Kenya: Foreign Intervention in Libya Destabilises the Region


The Permanent Representative of Kenya to the United Nations (UN), Martin Kimani, stressed the need to end foreign interference in Libya.

In a speech to the UN Security Council, the Kenya representative said that intervention in Libya must end to ensure the gains that have been achieved so far.
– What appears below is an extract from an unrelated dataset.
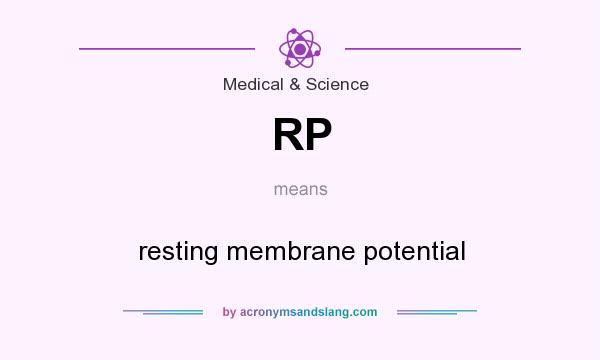 What does RP mean? It stands for resting membrane potential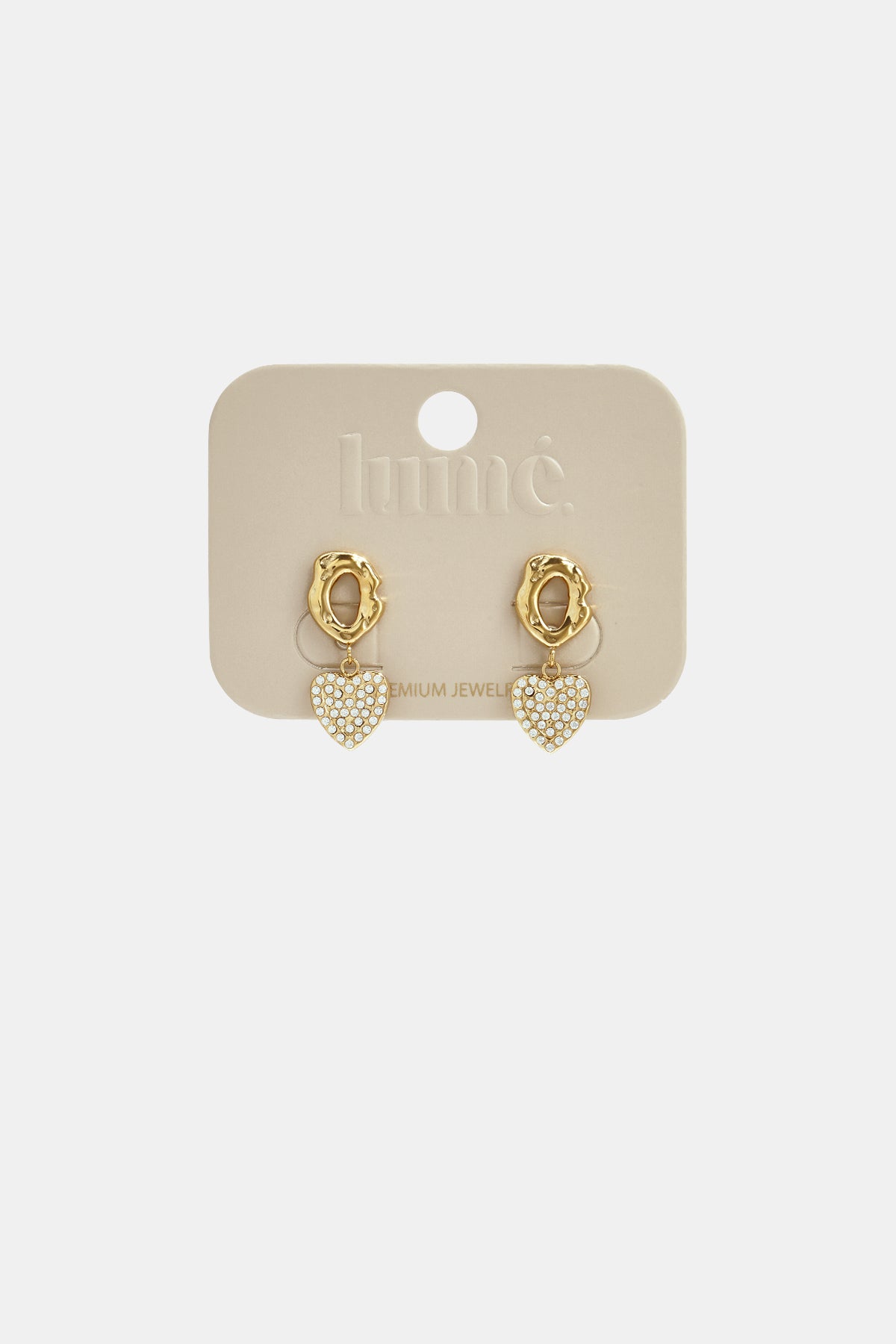 Pendientes colgantes de acero inoxidable con forma de corazón, sencillos, de la serie Daily Simple, joyería para mujer.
He added that this intervention is characterised by the continuous presence of foreign fighters and mercenaries on Libyan soil.

“This presence does not lead to destabilisation in Libya alone, but in the region as a whole,” Kenya warned.

Notably, the International Crisis Group (ICG) has urged the African Union (AU) to play greater role in addressing the Libyan crisis, and help the war-torn country to remove foreign fighters and mercenaries from its territories.

It pointed out that the AU should stop playing the role of “spectator,” while the risks of derailing the political transition in Libya increase, after the elections were postponed indefinitely.

The report indicated that the way out of the Libyan crisis is for the AU to support political mediation led by the UN to draw a new road map. “The expulsion of Chadian and Sudanese fighters should be facilitated, because the country’s stability in future depends on the departure of foreign fighters,” the report explained.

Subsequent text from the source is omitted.